**Problem:**
From the first entry to the last, repeat them all exactly.

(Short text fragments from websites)
== Segment start ==
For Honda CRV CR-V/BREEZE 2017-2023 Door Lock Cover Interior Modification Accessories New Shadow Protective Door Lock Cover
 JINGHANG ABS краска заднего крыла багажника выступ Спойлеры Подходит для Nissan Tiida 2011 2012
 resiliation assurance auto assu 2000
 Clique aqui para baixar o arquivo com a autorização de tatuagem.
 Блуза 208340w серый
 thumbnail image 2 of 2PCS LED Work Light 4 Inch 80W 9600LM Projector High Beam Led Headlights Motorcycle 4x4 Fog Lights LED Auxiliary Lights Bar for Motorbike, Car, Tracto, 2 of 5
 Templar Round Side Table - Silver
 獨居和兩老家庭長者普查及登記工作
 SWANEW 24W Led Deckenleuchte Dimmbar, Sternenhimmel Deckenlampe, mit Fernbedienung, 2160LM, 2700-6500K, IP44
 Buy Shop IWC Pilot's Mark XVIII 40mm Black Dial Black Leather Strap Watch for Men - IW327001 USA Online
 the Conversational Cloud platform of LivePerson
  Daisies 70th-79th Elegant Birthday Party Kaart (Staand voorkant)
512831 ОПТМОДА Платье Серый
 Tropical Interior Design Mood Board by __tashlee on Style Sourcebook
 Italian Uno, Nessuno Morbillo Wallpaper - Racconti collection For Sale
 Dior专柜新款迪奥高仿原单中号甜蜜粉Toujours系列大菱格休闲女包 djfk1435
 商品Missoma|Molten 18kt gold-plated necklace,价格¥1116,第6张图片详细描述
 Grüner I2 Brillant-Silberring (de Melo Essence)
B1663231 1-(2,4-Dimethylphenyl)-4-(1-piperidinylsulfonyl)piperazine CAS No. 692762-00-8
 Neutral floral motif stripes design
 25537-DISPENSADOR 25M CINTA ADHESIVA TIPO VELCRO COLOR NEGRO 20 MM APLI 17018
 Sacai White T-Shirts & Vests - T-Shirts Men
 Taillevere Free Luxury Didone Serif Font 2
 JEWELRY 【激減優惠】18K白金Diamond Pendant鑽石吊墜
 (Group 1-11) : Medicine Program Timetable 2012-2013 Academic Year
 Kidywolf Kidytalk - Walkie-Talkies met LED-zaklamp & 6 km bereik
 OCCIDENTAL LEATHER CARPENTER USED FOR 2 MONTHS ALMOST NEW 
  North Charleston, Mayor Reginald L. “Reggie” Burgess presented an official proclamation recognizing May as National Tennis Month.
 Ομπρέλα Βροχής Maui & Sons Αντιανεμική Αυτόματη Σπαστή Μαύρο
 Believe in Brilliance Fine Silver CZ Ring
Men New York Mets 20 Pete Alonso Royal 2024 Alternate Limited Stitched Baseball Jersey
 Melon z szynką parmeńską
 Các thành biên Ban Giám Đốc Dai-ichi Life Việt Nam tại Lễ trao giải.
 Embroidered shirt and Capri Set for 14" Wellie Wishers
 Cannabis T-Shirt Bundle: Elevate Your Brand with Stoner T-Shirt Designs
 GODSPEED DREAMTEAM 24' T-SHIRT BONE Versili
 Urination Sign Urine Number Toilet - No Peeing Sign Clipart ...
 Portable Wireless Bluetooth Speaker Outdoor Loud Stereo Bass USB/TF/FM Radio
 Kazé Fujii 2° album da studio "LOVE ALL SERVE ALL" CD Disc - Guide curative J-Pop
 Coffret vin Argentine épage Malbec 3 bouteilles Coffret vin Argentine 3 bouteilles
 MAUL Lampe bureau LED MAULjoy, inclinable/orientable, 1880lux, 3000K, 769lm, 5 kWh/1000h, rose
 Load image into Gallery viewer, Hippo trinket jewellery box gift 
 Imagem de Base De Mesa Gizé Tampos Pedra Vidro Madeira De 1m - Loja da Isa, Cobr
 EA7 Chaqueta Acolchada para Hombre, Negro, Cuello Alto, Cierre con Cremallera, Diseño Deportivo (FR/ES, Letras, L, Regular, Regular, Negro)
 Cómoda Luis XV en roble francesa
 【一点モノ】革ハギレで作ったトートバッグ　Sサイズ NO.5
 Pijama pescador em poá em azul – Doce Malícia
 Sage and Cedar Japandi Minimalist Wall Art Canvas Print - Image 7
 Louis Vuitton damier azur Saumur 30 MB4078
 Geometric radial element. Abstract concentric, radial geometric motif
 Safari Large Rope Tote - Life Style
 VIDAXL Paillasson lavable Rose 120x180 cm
== Segment end ==
**Output for this task:**
For Honda CRV CR-V/BREEZE 2017-2023 Door Lock Cover Interior Modification Accessories New Shadow Protective Door Lock Cover
 JINGHANG ABS краска заднего крыла багажника выступ Спойлеры Подходит для Nissan Tiida 2011 2012
 resiliation assurance auto assu 2000
 Clique aqui para baixar o arquivo com a autorização de tatuagem.
 Блуза 208340w серый
 thumbnail image 2 of 2PCS LED Work Light 4 Inch 80W 9600LM Projector High Beam Led Headlights Motorcycle 4x4 Fog Lights LED Auxiliary Lights Bar for Motorbike, Car, Tracto, 2 of 5
 Templar Round Side Table - Silver
 獨居和兩老家庭長者普查及登記工作
 SWANEW 24W Led Deckenleuchte Dimmbar, Sternenhimmel Deckenlampe, mit Fernbedienung, 2160LM, 2700-6500K, IP44
 Buy Shop IWC Pilot's Mark XVIII 40mm Black Dial Black Leather Strap Watch for Men - IW327001 USA Online
 the Conversational Cloud platform of LivePerson
  Daisies 70th-79th Elegant Birthday Party Kaart (Staand voorkant)
512831 ОПТМОДА Платье Серый
 Tropical Interior Design Mood Board by __tashlee on Style Sourcebook
 Italian Uno, Nessuno Morbillo Wallpaper - Racconti collection For Sale
 Dior专柜新款迪奥高仿原单中号甜蜜粉Toujours系列大菱格休闲女包 djfk1435
 商品Missoma|Molten 18kt gold-plated necklace,价格¥1116,第6张图片详细描述
 Grüner I2 Brillant-Silberring (de Melo Essence)
B1663231 1-(2,4-Dimethylphenyl)-4-(1-piperidinylsulfonyl)piperazine CAS No. 692762-00-8
 Neutral floral motif stripes design
 25537-DISPENSADOR 25M CINTA ADHESIVA TIPO VELCRO COLOR NEGRO 20 MM APLI 17018
 Sacai White T-Shirts & Vests - T-Shirts Men
 Taillevere Free Luxury Didone Serif Font 2
 JEWELRY 【激減優惠】18K白金Diamond Pendant鑽石吊墜
 (Group 1-11) : Medicine Program Timetable 2012-2013 Academic Year
 Kidywolf Kidytalk - Walkie-Talkies met LED-zaklamp & 6 km bereik
 OCCIDENTAL LEATHER CARPENTER USED FOR 2 MONTHS ALMOST NEW 
  North Charleston, Mayor Reginald L. “Reggie” Burgess presented an official proclamation recognizing May as National Tennis Month.
 Ομπρέλα Βροχής Maui & Sons Αντιανεμική Αυτόματη Σπαστή Μαύρο
 Believe in Brilliance Fine Silver CZ Ring
Men New York Mets 20 Pete Alonso Royal 2024 Alternate Limited Stitched Baseball Jersey
 Melon z szynką parmeńską
 Các thành biên Ban Giám Đốc Dai-ichi Life Việt Nam tại Lễ trao giải.
 Embroidered shirt and Capri Set for 14" Wellie Wishers
 Cannabis T-Shirt Bundle: Elevate Your Brand with Stoner T-Shirt Designs
 GODSPEED DREAMTEAM 24' T-SHIRT BONE Versili
 Urination Sign Urine Number Toilet - No Peeing Sign Clipart ...
 Portable Wireless Bluetooth Speaker Outdoor Loud Stereo Bass USB/TF/FM Radio
 Kazé Fujii 2° album da studio "LOVE ALL SERVE ALL" CD Disc - Guide curative J-Pop
 Coffret vin Argentine épage Malbec 3 bouteilles Coffret vin Argentine 3 bouteilles
 MAUL Lampe bureau LED MAULjoy, inclinable/orientable, 1880lux, 3000K, 769lm, 5 kWh/1000h, rose
 Load image into Gallery viewer, Hippo trinket jewellery box gift 
 Imagem de Base De Mesa Gizé Tampos Pedra Vidro Madeira De 1m - Loja da Isa, Cobr
 EA7 Chaqueta Acolchada para Hombre, Negro, Cuello Alto, Cierre con Cremallera, Diseño Deportivo (FR/ES, Letras, L, Regular, Regular, Negro)
 Cómoda Luis XV en roble francesa
 【一点モノ】革ハギレで作ったトートバッグ　Sサイズ NO.5
 Pijama pescador em poá em azul – Doce Malícia
 Sage and Cedar Japandi Minimalist Wall Art Canvas Print - Image 7
 Louis Vuitton damier azur Saumur 30 MB4078
 Geometric radial element. Abstract concentric, radial geometric motif
 Safari Large Rope Tote - Life Style
 VIDAXL Paillasson lavable Rose 120x180 cm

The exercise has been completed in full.